When grandchildren are in town, we are busy with nonstop activities. Making a point of cramming in as much fun as possible in the time we have. I have such fond memories of time with my grandparents that I want them to remember our times together as well. For most outings, Jacob is either at his day program (happy to have his own space) or he is home with a sitter. This visit, though, we chose to take the girls AND Jacob to a Disney on Ice show. We decided to go in two vehicles. Not knowing if Jacob might have a meltdown, I could remain with the girls and Mike could leave with Jacob, if necessary. Plus, Jacob does not like anyone riding near him in the van. He is comfortable with his chauffeur/driver and a co-pilot, but no one else.

On the way to the coliseum I talked to the girls about what we might expect out of Jacob. Remember, he is unpredictable. He might squeal. He might grab a person’s arm, hair, clothing, glasses, and/or jewelry if they are all up in his space. He might self-stem twirling his hand and fingers. He would ride and remain in his wheelchair (because we learned a long time ago that he is most comfortable in a large crowd if secured in a chair). He’d take the elevator and we’d probably take the stairs. I was just trying to prepare them so they’d not be caught off guard as they’ve rarely seen Jacob outside of home.

We got to the venue with plenty of time to spare, found our seats, and hit the concession stand. Early during the show, one grand leaned over and whispered, “Nannie,” she had my attention and continued, “I would be proud to call Jacob my son.” Just like that. Struck to the core. This young, teenage girl. Wise beyond her years. Where did that come from? Most everything embarrasses a teenager. But, obviously hanging around Jacob didn’t bother her at all. My granddaughter said what may be the sweetest thing anyone has ever said to me. It wasn’t like she was trying to give me a pep talk perhaps sensing I was frustrated. I wasn’t. We were having a wonderful time. It was totally unprompted and I was the one caught off guard. The only conclusion, that made any sense to me, was that she was seeing Jacob as a really cool dude. One she loved because he is her dad’s brother. And realizing she could be happy having a son like him one day. My heart exploded. Thank you Lord for bringing this jewel into our family. Her eyes saw Jacob with such acceptance. Before she knew her Uncle Jacob, God was preparing her to be gentle and sensitive to him. I hope we’ll make many, many more wonderful memories. I believe we will. But, I don’t know any can match her loving comment.

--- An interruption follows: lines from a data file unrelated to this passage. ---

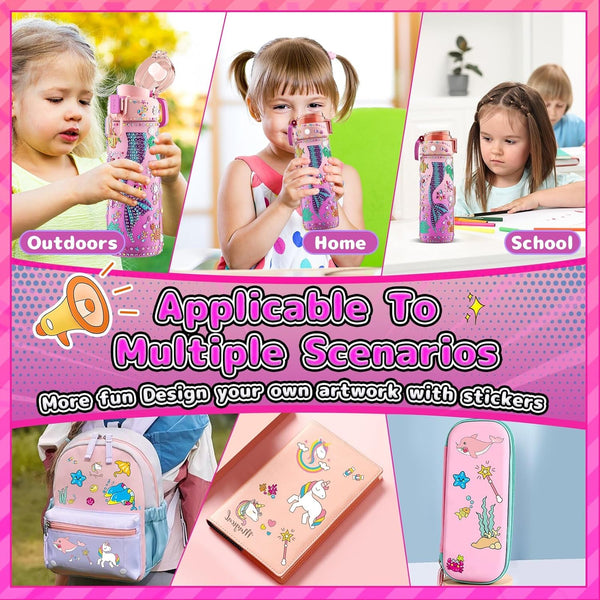 Decorate Your Own Water Bottle Kits for Girls, Mermaid Painting Diamond Art & Bracelet Making Kit for Girls, Crafts for Kids Ages 4-8, Birthday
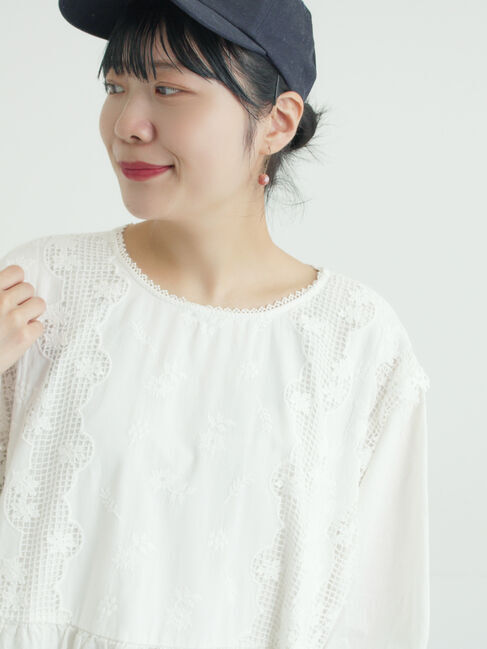 Samansa Mos2「胸元レース貼りワンピース」|ワンピース|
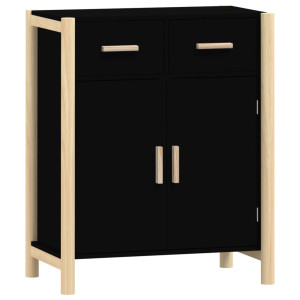 Aparador de madera contrachapada negro 62x38x75 cm H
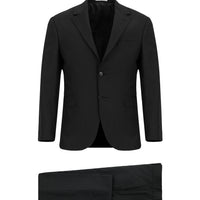 Siyah Slim Fit Dar Kesim Yünlü Çizgili Klasik Takım Elbise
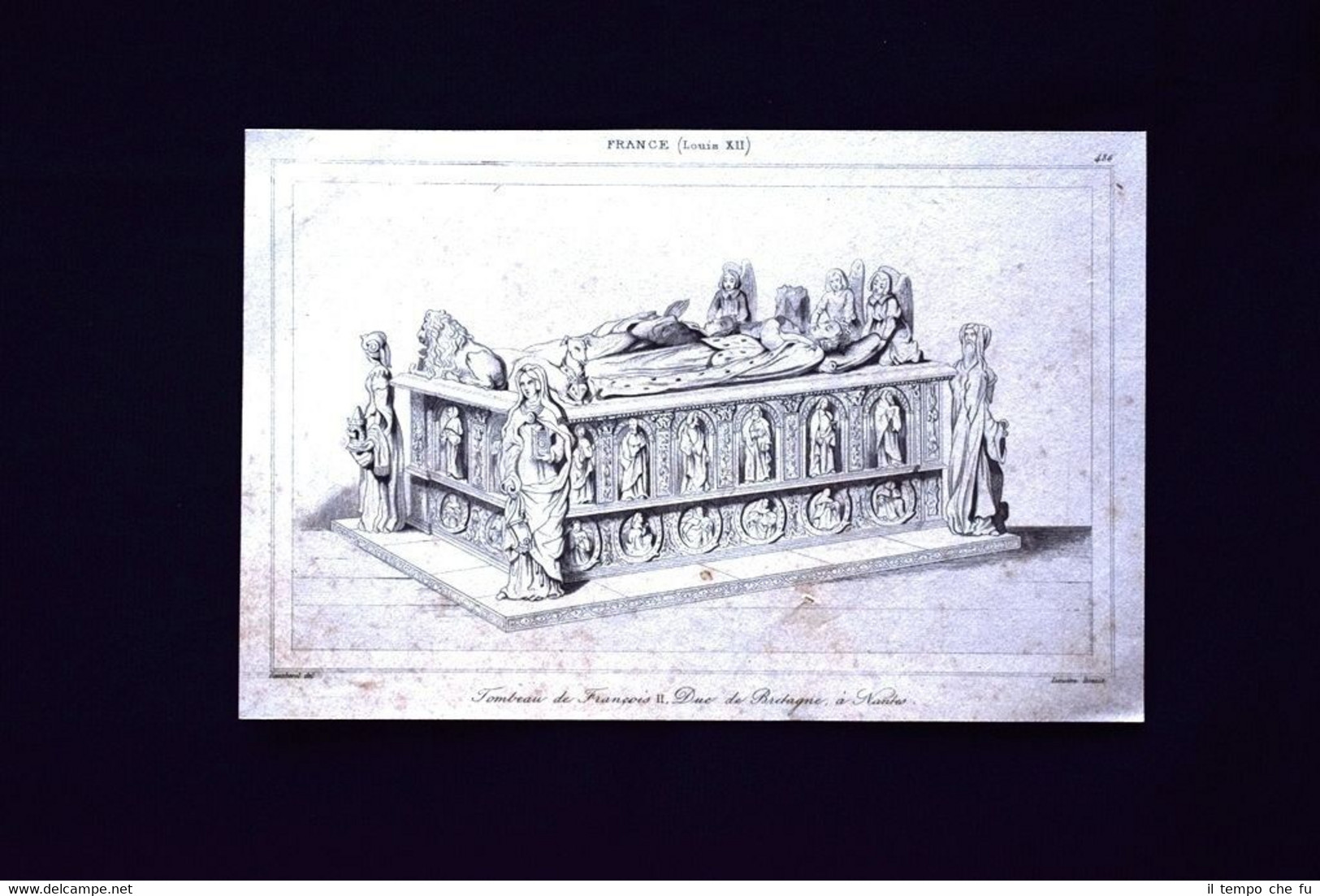 Tombeau de Francois II, Nantes, France Incisione del 1850 L'Univers …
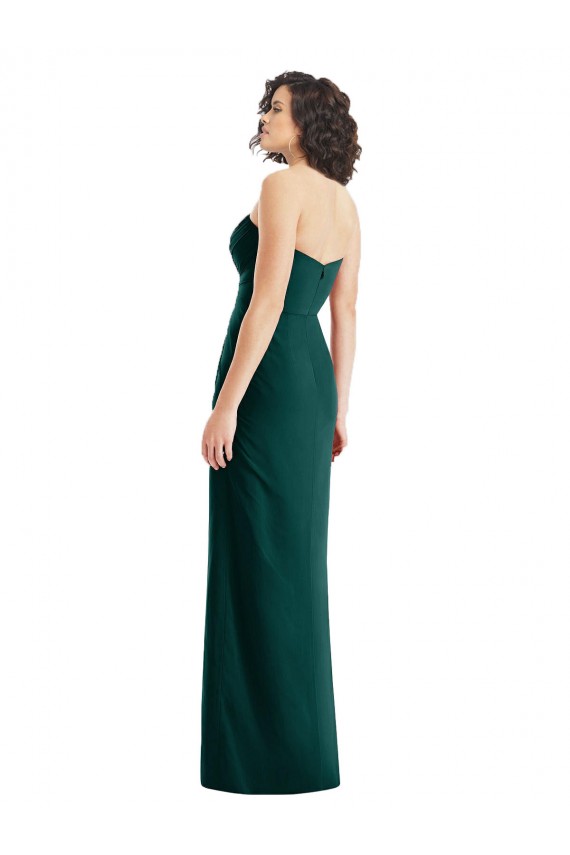 Discount Twist Front Draped Chiffon Bridesmaid Dress with Slit UK
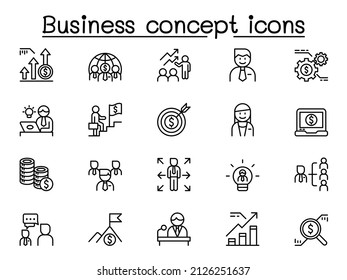 Iconos de concepto de negocio establecidos en el estilo de línea delgada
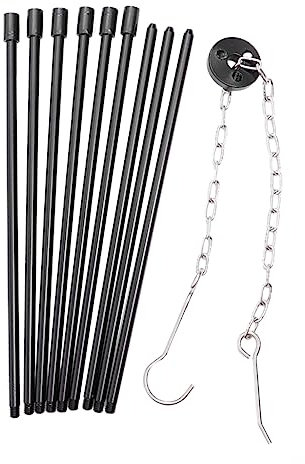 TOGEVAL 1 Trípode Para Acampar Soporte Ajustable Soporte Para Utensilios De Cocina Linternas Aire Libre Barbacoa Aire Libre Trípode De Maceta Colgante Aleación De Aluminio Black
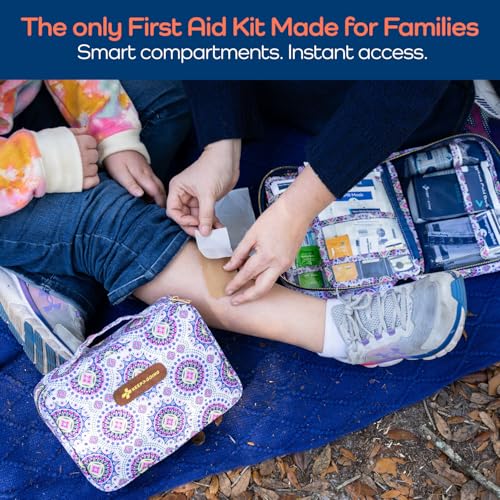 KeepGoing Large Home First Aid Kit for Kids – 270 Pc. for Car, Home, Dorm, & Boat with Latex-Free Bandages – 10 x 7 x 3.5 in. Travel First Aid Kit (Boho) - style: Boho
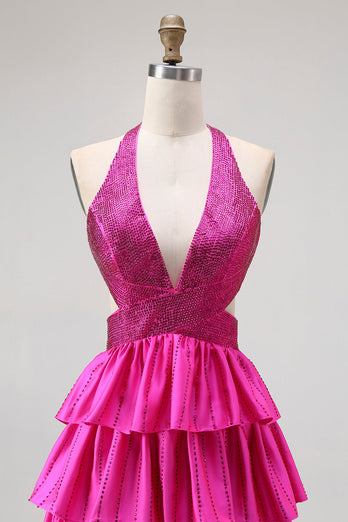 Sparkly Fuchsia A-Line Tiered Halter Backless Long Prom Dress with Beading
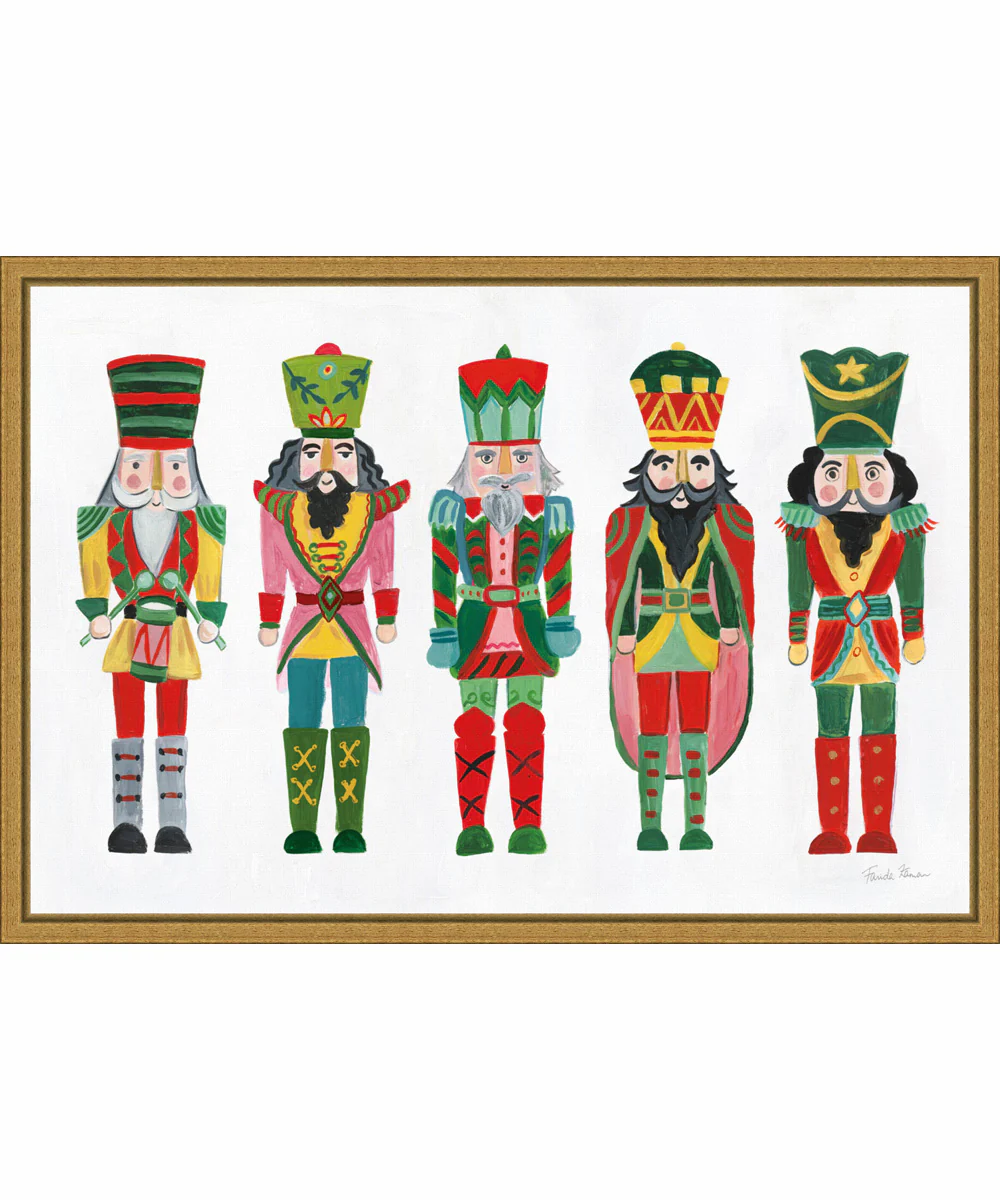 Framed Holiday Nutcrackers I by Farida Zaman Canvas Wall Art Print (23 W x 16 H), Sylvie Gold Frame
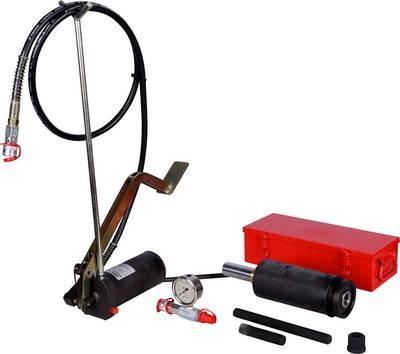 Hydraulik-Einheit 32t, mit Hydraulik-Pumpe und Manometer, 11-tlg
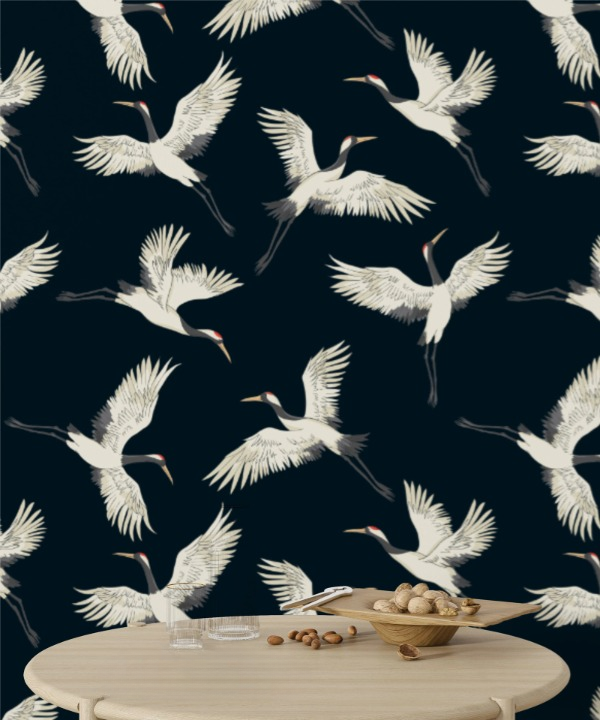Crane Bird Chinoiserie Peel and Stick Wallpaper 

That night Mike sat with Jacob in a special needs section and we sat a couple of rows back. We could watch the show and see them clearly. It was such a great outing. The girls got to witness Jacob really having fun. He loved every part – the lights, the music, the skaters, the snow flurries. Smiling and enthralled. Enjoying the exact same thing they were enjoying. Aware that in some ways, he is much like them. I’d say Disney on Ice was a win for all of us!

I am proud to call Jacob my son. It seems, a certain teenager is proud to call him her uncle. And, I am certainly proud to call her my granddaughter.